As much as we think we know about cryptocurrency, it’s still a bit unknown. I’ve said this before and I’ll continue saying it – regular consumers just don’t have the background or understanding to know what it is or what to do with it. It’s not like a stock, for example, where most people understand what it means when Apple is trading at $216.36. Yes – cryptocurrency also has a value, but one Bitcoin is worth $6,193.82. What does that mean? Cashing in a stock, again, has a relatively easy process. Can you cash in your Bitcoin just as easy? When Apple goes public, they identify so many shares for the company. Meaning, you can only buy so many shares. With cryptocurrency, however, you don’t necessarily buy it. Instead, you mine it using your computer’s hardware.
Which makes it kind of like finding buried treasure. Or having a gold nugget. What does this mean for you? Yes, there’s value, but there isn’t really a market to sell your gold nugget. You can’t take it to Best Buy and purchase a TV.

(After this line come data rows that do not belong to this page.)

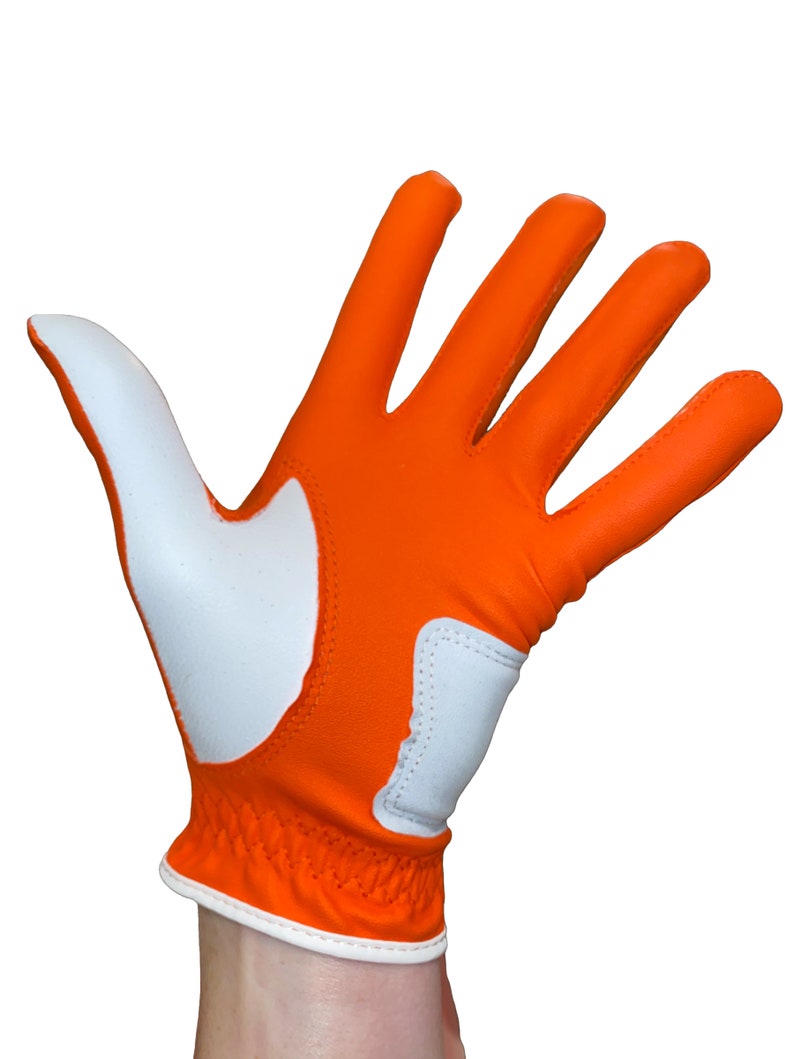 Op de afbeelding: Oranje en witte golfhandschoen. De handschoen is voornamelijk oranje met witte accenten op de handpalm en duim. De pols heeft een elastische band en witte rand. Ontworpen voor rechtshandig gebruik.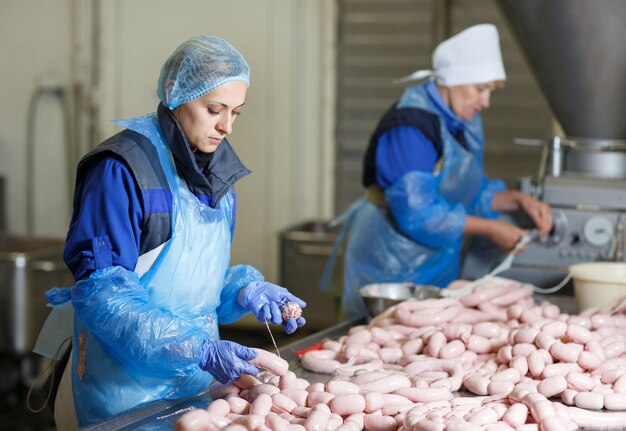 Butchers processing sausages at meat factory.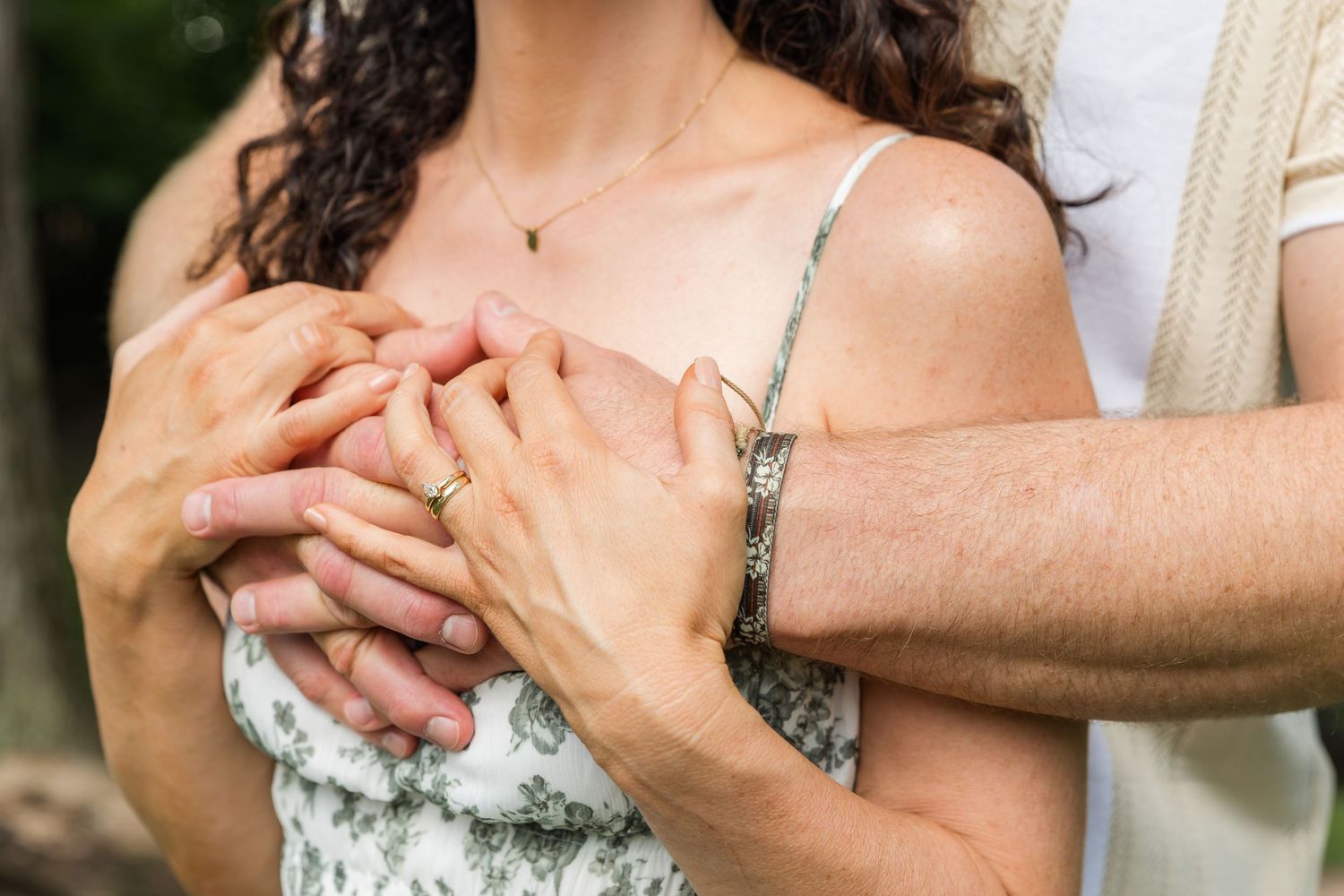 Close-up shot of hands holding and caressing each other tenderly during an intimate moment.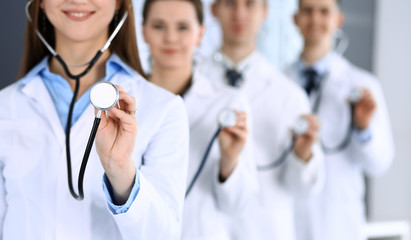 Group of doctors holding stethoscope head close-up. Physicians ready to examine and help patient. Medical help, insurance in health care, best treatment and medicine concept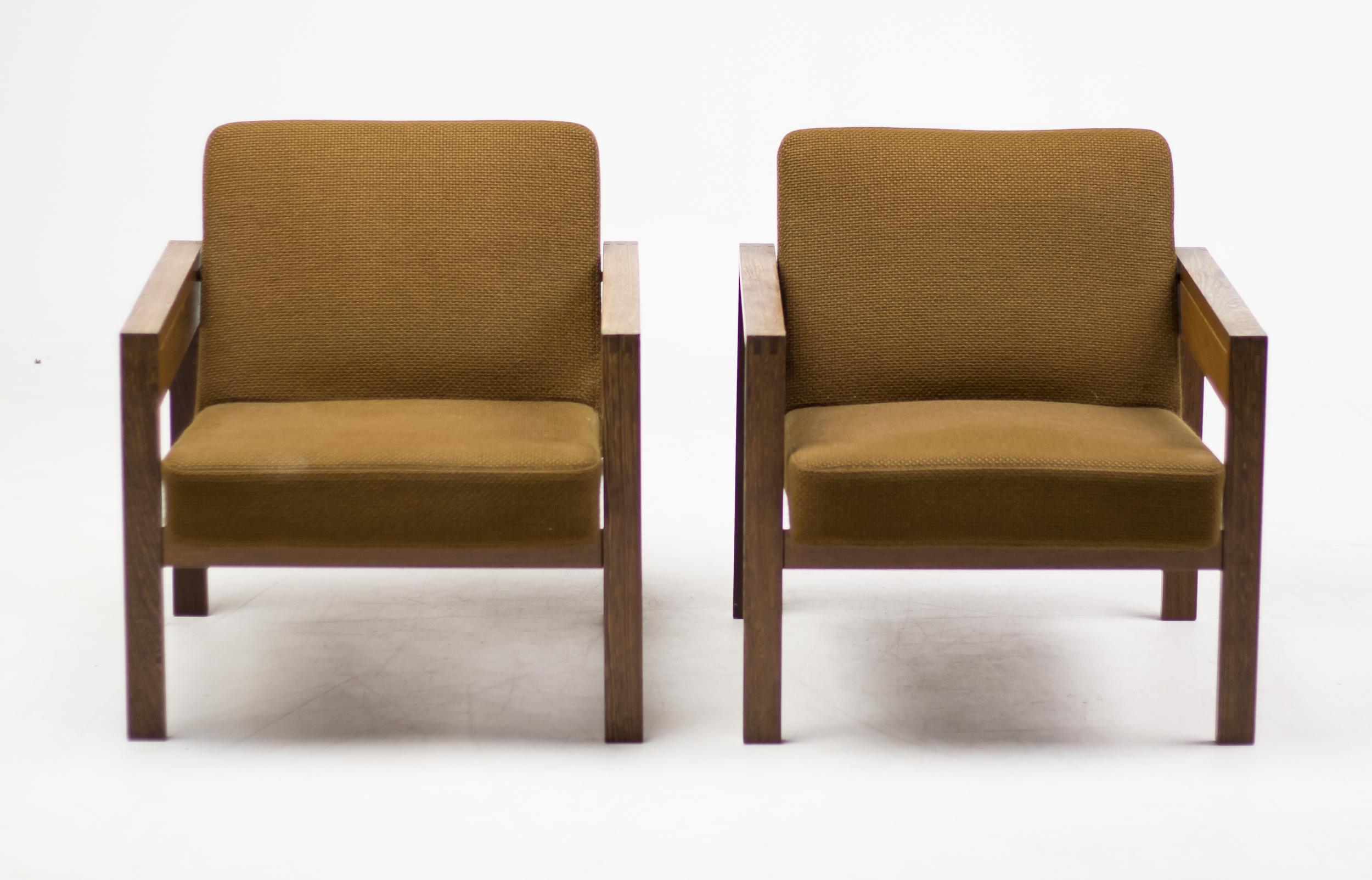 Set of armchairs designed by the Dutch architect Hein Stolle for Spectrum, the Netherlands, in unrestored original condition. Wengé frame and original De Ploeg wool fabric. The foam is still resilient and the fabric doesn't have any stains or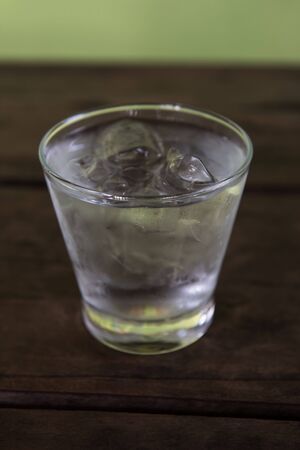 Cold water in a glass on a wooden table.の写真素材
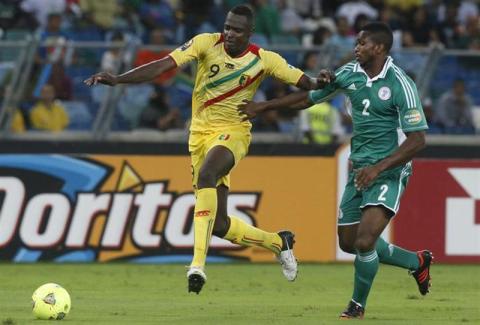 Nigeria's Joseph Yobo (R) vies for the ball against Mali's Cheick Tidiane Diabate during their African Cup of Nations (AFCON 2013) semi-final soccer match at the Moses Mabhida stadium in Durban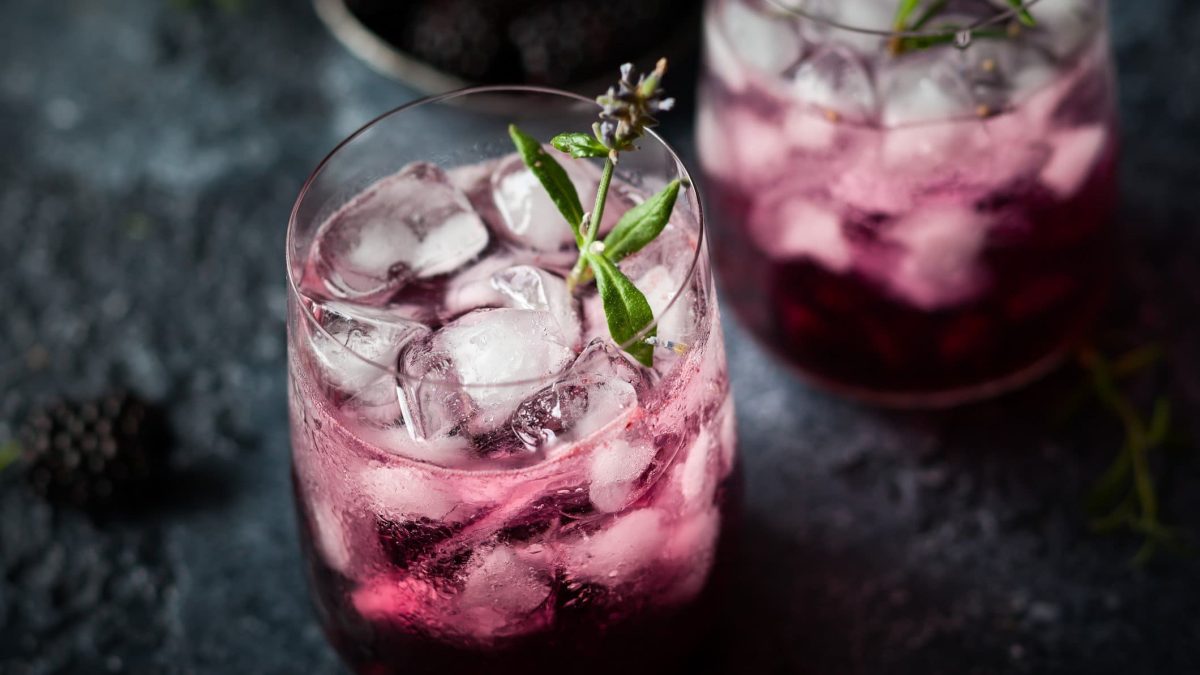 Zwei Gläser mit dem violetten Cocktail auf einem dunklen Untergrund.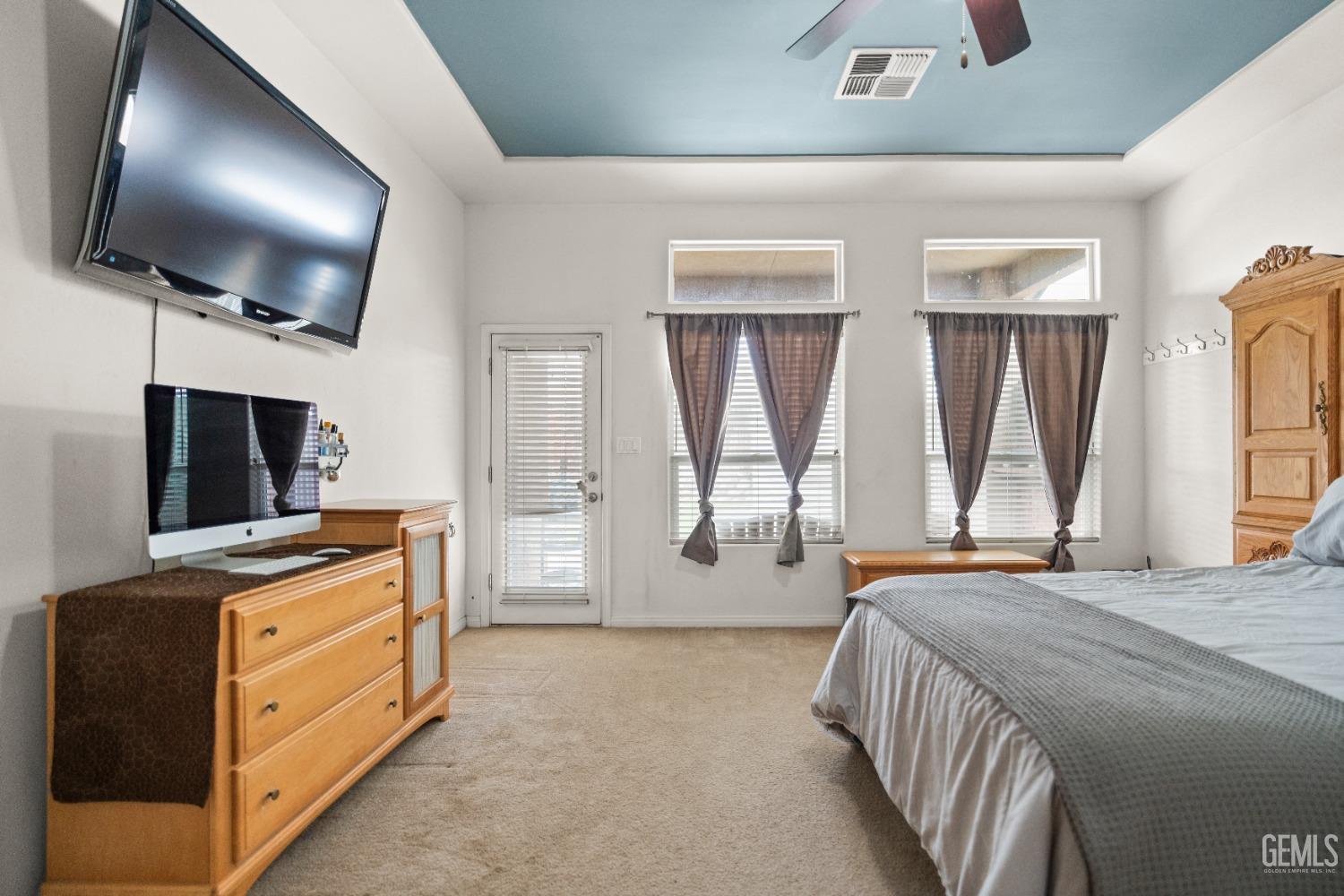 Undisclosed Address Bakersfield, CA 93306 - Photo 28 of 42 a bedroom with furniture and flat screen tv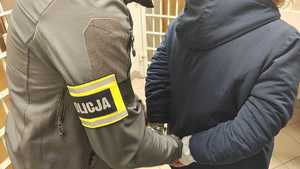 Policjanci zakładają kajdanki na ręce.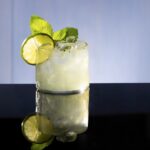 A green light cocktail with a lime circle and mint as garnishes against a black mirror surface.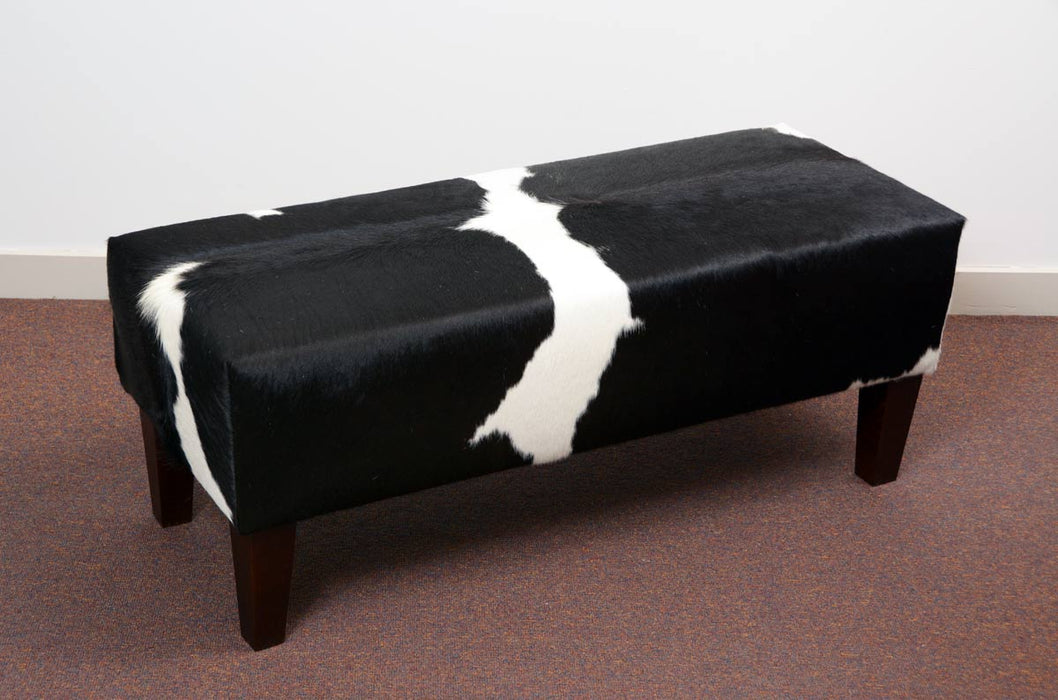 Gorgeous Creatures black & white cowhide bench seat ottoman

Getting back to Singapore, though, one of the stipulations is that this deal is only available for Singaporean businesses. Meaning, if you want to go set up your business in Singapore, you’re not going to be eligible for this deal. In general, crypto-based businesses in Singapore have been struggling to grow as banks continue to deny or close their accounts. (Kind of like the Canadian example) What’s unknown is how the government will mediate this relationship. And while I still think this is a good thing, I do wonder what kind of outcome this will have? My guess, as I’ve already indicated is that this will be highly regulated.
This isn’t the first government to attempt to bridge this kind of gap. Last month, the Swiss government issued guidelines to their 250-plus banks to help nurture relationships with blockchain startups. In that case, many blockchain companies were leaving the country after having bank accounts revoked or closed. What I do like is the fact that these kinds of partnerships are being established. What is interesting is the way this is playing out there. Blockchain was created to decrease society’s reliance on banks. And even though, it’s been 10 years since it was introduced, we’re still relying on banks. In fact, blockchain is now relying on banks.
These two groups need to sort their stuff out because the truth is, we need both of them right now. Whether that’s the case in the future, I can’t predict, but the way we spend money is certainly changing.